There was a time when tigers were considered pests. The time was towards the middle of the eighteenth century. That's the middle of the 1700s for the sake of clarity. The fact of the matter is that many people today still consider the tiger to be a pest. 

Tigers can still get in the way of day-to-day human life (the conflict in the Sundarbans region in Bangladesh being an example). Perhaps this is one reason why, despite an apparent concerted effort to protect the tiger, their numbers are still slowly declining and are precariously low (around 3.5k worldwide in the wild).

Tiger hunting during the British Raj in India
Tiger hunting during the British Raj in India. Photo in the publis domain.

A man called J. Forsyth wrote about the 'obstacle presented by the number of these animals [he was referring to tigers] to the advance of population and tillage'. It is old fashioned language meaning that tigers stopped the human population growing and stopped people working. His words were published in 1872 in his work The Highlands of Central India.

At that time the tiger symbolised evil writes Fiona Sunquist in Wild Cats of the World. Remarkably the tiger was thought of as being 'destructive, cowardly and treacherous'. The first descriptive word we can agree with but not the remainder. Not by any stretch of the imagination.

Hunting tigers to slaughter them became a 'humanitarian pursuit'. During the British occupation of India between 1858 and 1947 (the British Raj) military officers entertained themselves by hunting them as fast and as furiously as possible.

Perhaps the champion tiger killer was a man called Colonel William Rice who killed 158 between 1850 and 1854. That's 40 tigers per year or one tiger every 9 days. It is hard to comprehend nowadays.

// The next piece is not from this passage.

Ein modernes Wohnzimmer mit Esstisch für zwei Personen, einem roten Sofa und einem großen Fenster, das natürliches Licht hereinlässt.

I suppose one of the issues is that for people in the West, we can look at tiger conservation in a pure sense. Westerners don't have to try and make a living with tigers around. When it comes to survival through work, tigers get in the way and in that competition between human survival and tiger survival the human wins almost all the time.

The conservation of the tiger has to be practical and it has to include the cooperation of the local people living with the tiger. One issue here is that most tigers are in India (Bengal tiger) and the human population of India is for ever growing exponentially. It is a simple matter of space for the tiger which needs hundreds of square kilometres in which to roam.